Между тем, в составе любого орудийного процесса как некоторое относительно самостоятельное образование, как замкнутый структурный элемент всегда можно выделить принципиально чуждое, инородное биологическим формам активности начало, а именно: непосредственное взаимодействие орудия с предметом деятельности.
Действительно, любой, даже самый примитивный, орудийный процесс может быть разложен как минимум на две составляющие, одной из которых является собственно взаимодействие материального средства с чем-то, образующим предмет его потребности, второй – взаимодействие исполнительного органа тела с орудием. Это далеко не одно и то же, и ниже об этом будет говориться подробней.

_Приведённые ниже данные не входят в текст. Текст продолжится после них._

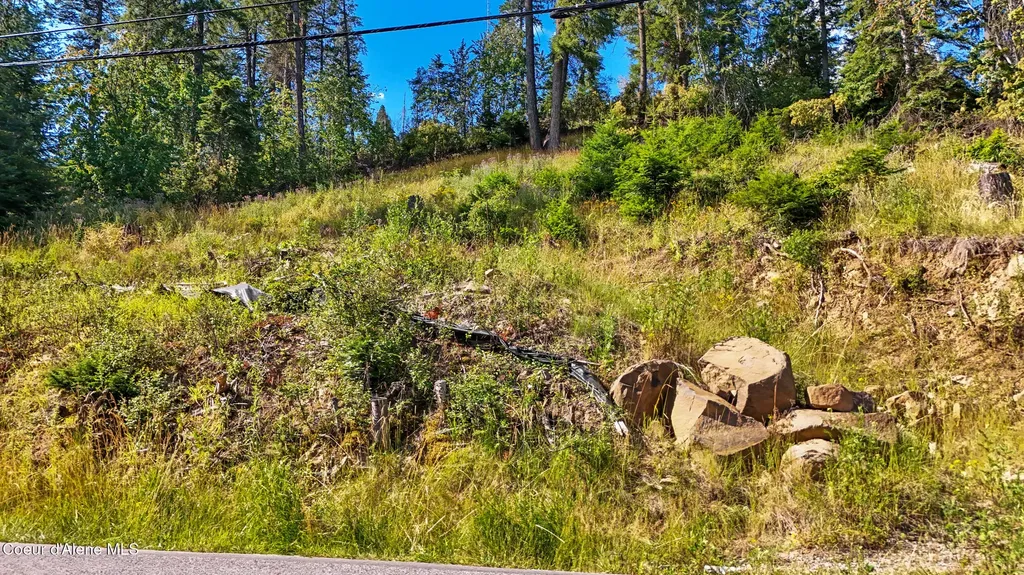 3122 & 3146 E Upper Hayden Lake Road Hayden ID 83835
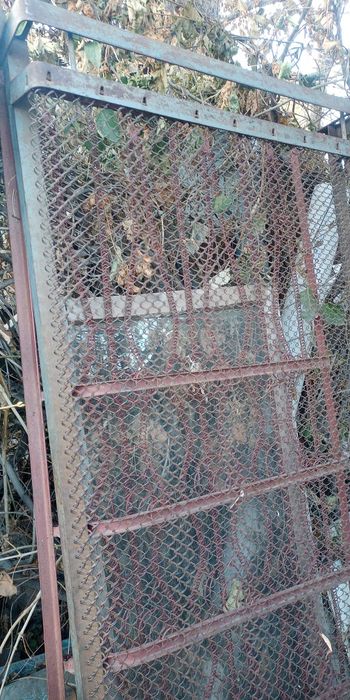 Кровать металлическая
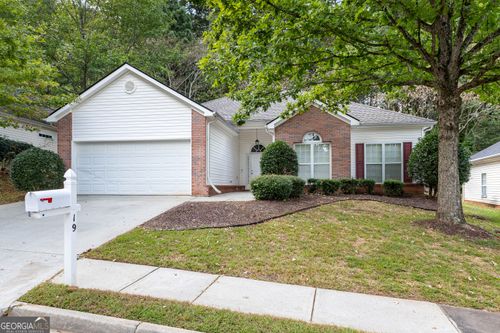 19 Harpers Farm Dr, Newnan, GA, 30263-6753 | Card Image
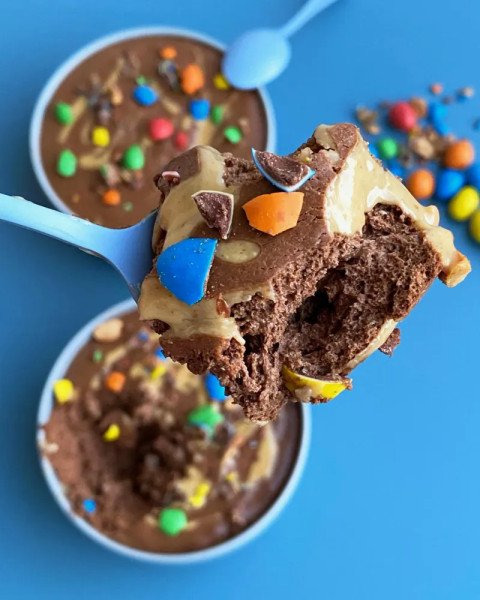 Mousse au chocolat, beurre de cacahuètes et M&M’s de Frédéric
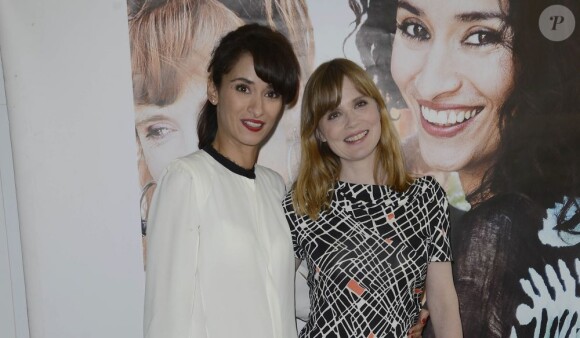 Rachida Brakni, Isabelle Carré lors de la première de Cheba Louisa au cinéma Etoile Lilas à Paris le 6 mai 2013.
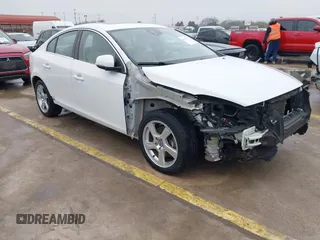 2012 Volvo S60 T5 z VIN YV1622FS3C2127353, wystawiony jako IAAI lot #41440106 z przebiegiem 103 762 mil mil oraz . Historia ofert i sprzedaży dostępna na DreamBid. Obrazek 1.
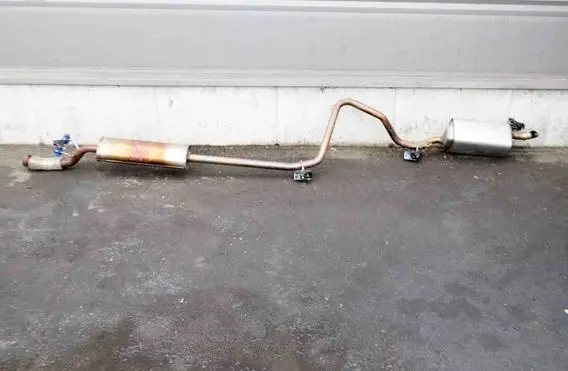 Muffler/silencer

Именно физическое взаимодействие орудия с преобразуемым предметом деятельности и составляет собой содержательное ядро любого целевого акта, зародыш той самой технологии, благодаря которой через тысячелетия человек по сути противопоставит себя всему живому. И эта собственно технологическая составляющая любого орудийного процесса уже с самого начала предстает как образование, которое в принципе выходит за рамки биологической организации. Не исключено, что именно поэтому применение орудий, имеющих свою (по существу уже неподконтрольную биологической особи) логику, хоть и распространено в животном мире, все же не является ни основным, ни даже одним из основных способов жизнеобеспечения.
Известно, что отдельное средство (и даже ограниченная их совокупность) может быть успешно использовано в деятельности высокоразвитых животных.